Bosch read the look of hesitation on Sloan’s face. There was something else. He waited and Sloan finally delivered.

“Mr. Vance also has reason to believe the phone number he gave you has been compromised. He wants you to report through me. I’ve been in charge of his personal security for twenty-five years.”

“Yeah, well, he’ll have to tell me that himself. When he gets better, you let me know and I’ll come back out there to the palace.”

Bosch swung the door closed and it caught Sloan by surprise. It banged loudly in its frame. Sloan knocked on it again but by then Bosch was quietly opening the side door to the carport. He exited the house, then stealthily opened the door of his Cherokee and got in. The moment the engine turned over he dropped the vehicle into reverse and backed out quickly into the road. He saw a copper-colored sedan parked pointing downhill across the street. Sloan was walking toward it.

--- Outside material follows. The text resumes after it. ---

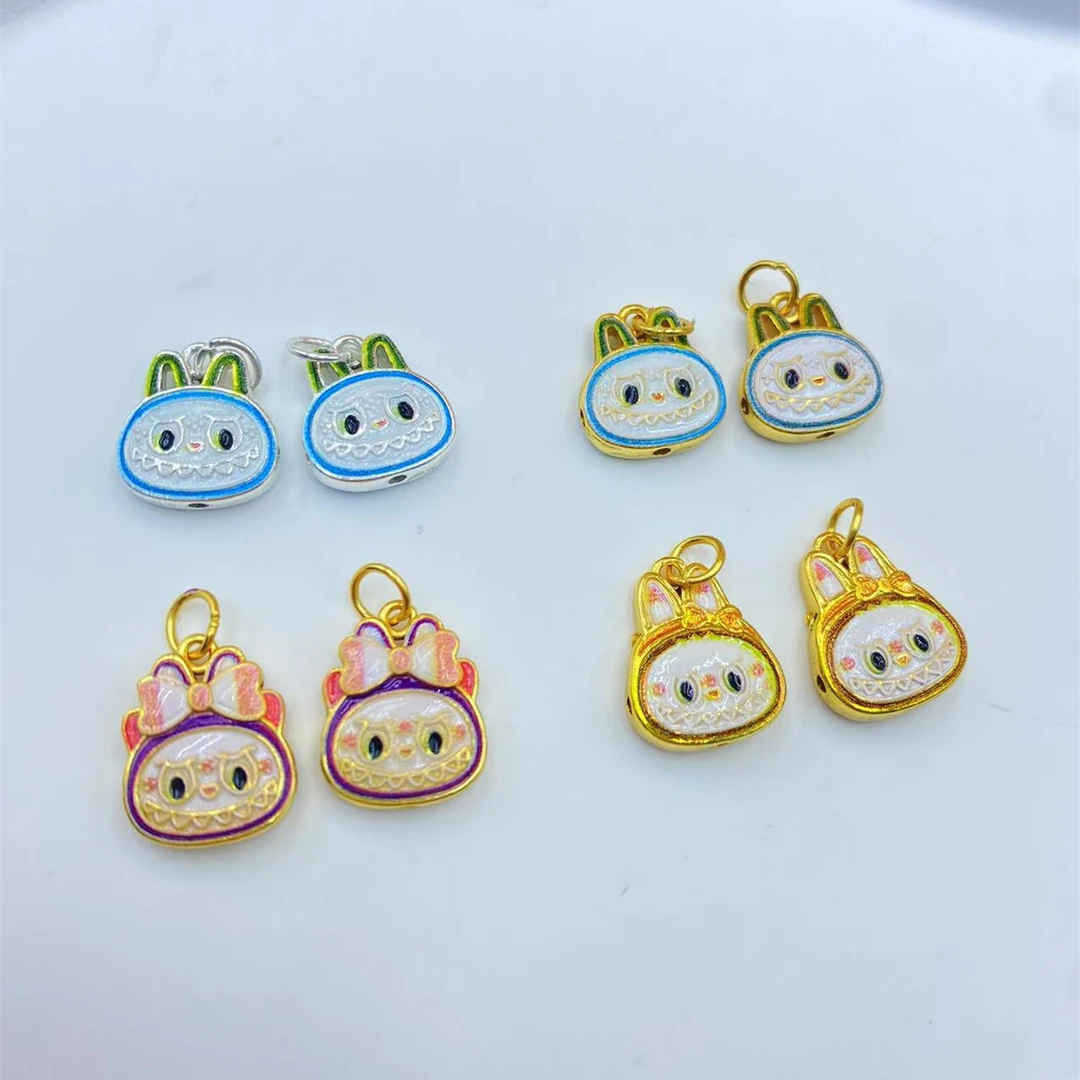 吊坠足银 999新款彩色拉布布吊坠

Bosch turned the wheel and backed out to his right, then gunned the Cherokee uphill, speeding by Sloan at the door to his car. He knew Sloan would have to use the carport to turn around in the narrow street, a maneuver that would give Bosch enough time to lose him.

After twenty-five years of living there, taking the curves of Woodrow Wilson Drive came as second nature to Bosch. He quickly arrived at the stop sign at Mulholland Drive and banged a hard right without pausing. He then followed the asphalt snake along the mountain ridgeline until he reached Wrightwood Drive. He checked his mirrors and saw no sign of Sloan or any other follow car. He took the sharp right onto Wrightwood and quickly descended the northern slope into Studio City, hitting the Valley floor at Ventura Boulevard.

A few minutes later he was on Vineland, parked against the curb in front of an apartment complex called the Sierra Winds. It was built next to the 101 freeway overpass and looked old and worn. There was a twenty-foot concrete sound-barrier wall running along the curve of the freeway but Bosch imagined that the sound of traffic still swept across the sprawling two-story complex like a sierra wind.

The important thing was that Abigail Turnbull was not living in a retirement center after all. Bosch would have no trouble getting to her door and that was a good break.





10

Bosch loitered near the gated entrance to the apartment complex and acted like he was on a phone call, when all he was really doing was replaying a year-old message his daughter had left him after she had accepted admission to Chapman University.

“Dad, it’s a really exciting day for me and I want to thank you for all your help in getting me to this point. And I am so glad I won’t be too far away from you and that whenever we need each other we will only be an hour away. Okay, well, maybe two because of traffic.”

He smiled. He didn’t know how long messages would be retained on his phone but he hoped he would always be able to listen to the pure joy he heard in his daughter’s voice.

He saw a man approaching the gate from the other side and timed his approach to reach it at the same time. He acted like he was trying to carry on a phone conversation while digging his key to the gate out of his pocket.

“That’s great,” he said into the phone. “I feel the same way about it too.”

The man on the other side pushed open the gate to exit. Bosch mumbled a thank you and entered. He preserved the message from his daughter one more time and put his phone away.

Signs along the stone pathway directed him to the building he was looking for and he found Abigail Turnbull’s apartment on the first floor. As he approached he saw that the front door was open behind a screen door. He heard a voice from within the apartment.